# Drill Press



## Pastorshobby (Jan 22, 2018)

I need a recommendation on a drill press. Should I get an 8 or 10 " or do I need a 12'. Has anyone heard anything about the wen press? 
https://www.amazon.com/gp/product/B0...KIKX0DER&psc=1


----------



## JohnTC (Mar 1, 2018)

I have an 8 inch drill press. Not a WEN, but very similar to the 8 inch WEN. It meets my needs, but the rack and pinion table height adjustment and half inch further travel of the spindle on the 10 inch WEN would make a much more enjoyable tool to use. It's also not that much more expensive than the 8 inch. I don't have any WEN products, but am impressed with them after reading many reviews and watching reviews of some of their other products. They aren't top of the line tools, but seem to be a great value.


----------



## epicfail48 (Mar 27, 2014)

As with most tools, go with the largest you can afford bost money- and space-wise. No matter what you go with, it always works out that you need an extra inch of throat depth for whatever you happen to be working on. Might as well make sure that youve got as much as you can to start with. 

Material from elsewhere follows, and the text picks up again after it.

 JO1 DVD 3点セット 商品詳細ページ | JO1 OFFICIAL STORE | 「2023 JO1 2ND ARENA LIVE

As far as everything else goes, drill presses are pretty bog-simple machines. Once you get off the ground floor, theyre all pretty much the same mechanically, from the second to the top shelf. Stay away from the suspiciously cheap deals, but focus more on the useful features. Variable speed with the widest range possible is always a plus, electronically variable speed is the best but im actually fond of the classic 3 step pulley setup that gives you something like 20 speeds. Quill travel is also handy, more is better so you can reduce the number of times you have to move the table.

Opposite side of the table, feature-wise, are the additions that dont do much but jack up the price. Laser crosshairs, while cool, dont really add much beyond price. RPM readouts fall here too, unless the readout is built into an electronic speed control, theres not really a point beyond being able to go "ooo, look, a number!". Before someone points out metalworking, im aware that speed control is more important there, but honestly, you dont need to have the RPM perfectly exact. Id also argue that a rack and pinion table height mechanism falls more on the 'luxury' side of things, its handy but if you have to choose between R&P and more speed settings or throat depth, go the latter


----------



## hawkeye10 (Feb 18, 2015)

Joe if I was going to buy a drill press this is the one I would buy and it is under your budget of $250.

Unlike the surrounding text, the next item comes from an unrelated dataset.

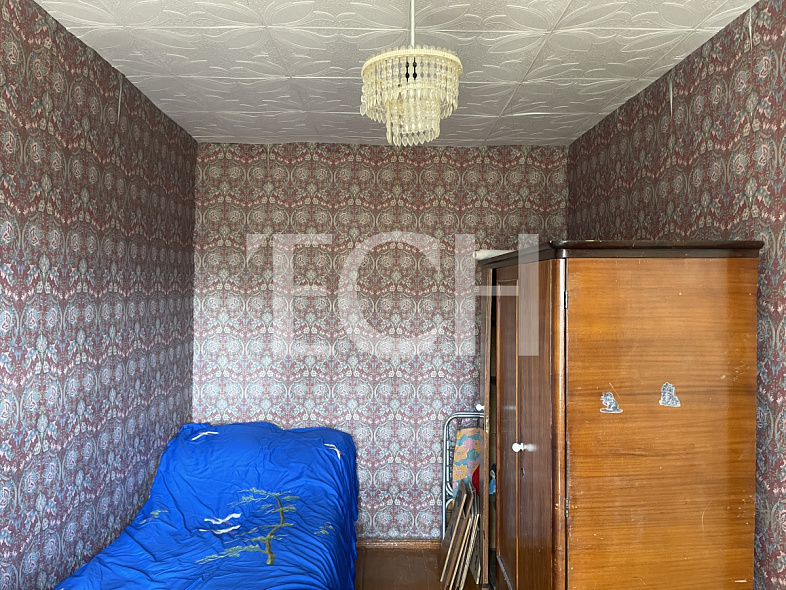 Продажа 2 комнатной квартиры, 43.3 м2, обл. Тульская, г. Ясногорск, улица Ленина, 4 7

https://www.amazon.com/WEN-4214-12-...id=1519995459&sr=8-2&keywords=wen+drill+press


----------



## P89DC (Sep 25, 2017)

I like to use Craigslist for used tools. Within 60 miles of my house there's several bench top drill presses for very reasonable prices. I found a real nice used floor version Jet 17" drill press in excellent condition for less than 1/2 the street price of a new one. I ran it at full speed to check the runout and make sure there's no issues.


----------



## JohnTC (Mar 1, 2018)

epicfail48 said:


> Id also argue that a rack and pinion table height mechanism falls more on the 'luxury' side of things


My apologies. Thought I made that clear when I said the drill press I have meets my needs though it doesn't have that. It's a luxury that I believe is well worth the little bit extra.


----------



## FrankC (Aug 24, 2012)

I can't imagine having a drill press without a rack and pinion table raising mechanism and would definitely not class it as a luxury. Get the largest capacity you can afford, particularly for woodworking, you need speeds mostly in the lower ranges which aren't offered in some of the smaller models if you are going to be using larger hole saws.


----------



## Tool Agnostic (Aug 13, 2017)

I am also in the market for a replacement drill press. I have had my old Rockwell drill press for decades, but I hate it. The sarcasm in the following post says it all:

http://www.woodworkingtalk.com/f12/show-us-your-drill-press-158321/index2/#post1931810

Here is what I want in my next drill press:

* Rack and pinion table lift is not a luxury, it is a necessity.
* Minimum 1/2 inch chuck. Believe it or not, my Rockwell drill press has a 3/8 inch chuck.
* A stop mechanism, so I can drill repeated, consistent depth holes, and throw away those little stop rings that attach to the drill bits themselves. Surprisingly, I have seen some large, expensive drill presses that don't seem to have a stop mechanism, or perhaps the stop mechanisms are not visible on the outside.
* Variable speed. I don't think I would like changing belts, so I probably want one with an easily adjusted speed control, like a wheel or a dial. 
* Suitable to use as a sander. 
* Bigger and better - more power, more depth, more stability, etc. Enough power to run large hole saws, large Forstner bits, those circle cutters, etc. Good strong bearings that can handle typical drilling and sanding forces and still last my lifetime.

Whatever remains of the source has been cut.